2026-06-28 · real GPUs · the camera dollies forward + down through your cam-B vantage, so the merged masses fill the frame the whole time — the actual scene you've been flagging, now in motion. Godot 4.6 (Vulkan) vs our three.js port (D3D11), and the same move shown through the analytical lenses.
Same flight, same kind of cloud. Watch the darks: Godot's crevices stay deep as it moves; ours go pale (milky) on the merged left mass.


Our port, current vs ambient ×0.6 + self-shadow — the crevices deepen toward Godot, the glare settles into form, the bright tops are untouched.


The same flight rendered as value (pure luminance — the value structure your eye reads) and normals (surface form / ∇density — the clumping). Where value goes flat-grey and normals go smooth, that's the merged mass with no relief for shadow to bite.

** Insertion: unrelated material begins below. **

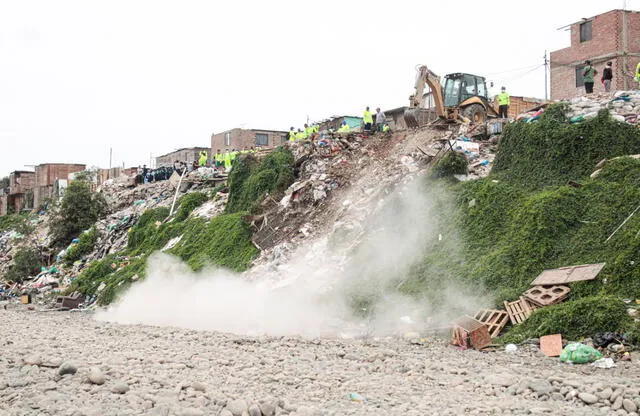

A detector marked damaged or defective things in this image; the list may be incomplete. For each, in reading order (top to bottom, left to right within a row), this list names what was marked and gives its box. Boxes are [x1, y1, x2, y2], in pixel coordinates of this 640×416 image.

broken furniture [54, 292, 84, 308]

The live renderer with knobs + all five lenses (shading · value · relief · light/self-shadow · normals) and Merged A/B camera jumps:
▶ Open the live labTry: click Merged B → drag Ambient → ~0.6 → flip the lens to Value then Normals. And the real Godot is open on your machine to fly (WASD / right-mouse).

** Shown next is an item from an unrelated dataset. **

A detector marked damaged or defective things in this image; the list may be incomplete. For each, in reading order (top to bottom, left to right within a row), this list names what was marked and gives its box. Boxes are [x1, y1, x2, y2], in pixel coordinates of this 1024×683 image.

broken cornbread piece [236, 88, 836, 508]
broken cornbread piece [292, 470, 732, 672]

What the eye-model says to watch here (from the value-structure finding): your eye tracks the dark end of the histogram, not the brightness. In motion, Godot keeps its darks; our current port loses them on the merged mass; the ambient fix puts them back. Method: qa/tools/_lens-gif.mjs (port, anim on) + Godot _cap.gd along the shared path + ffmpeg. The CD's eye is the verdict.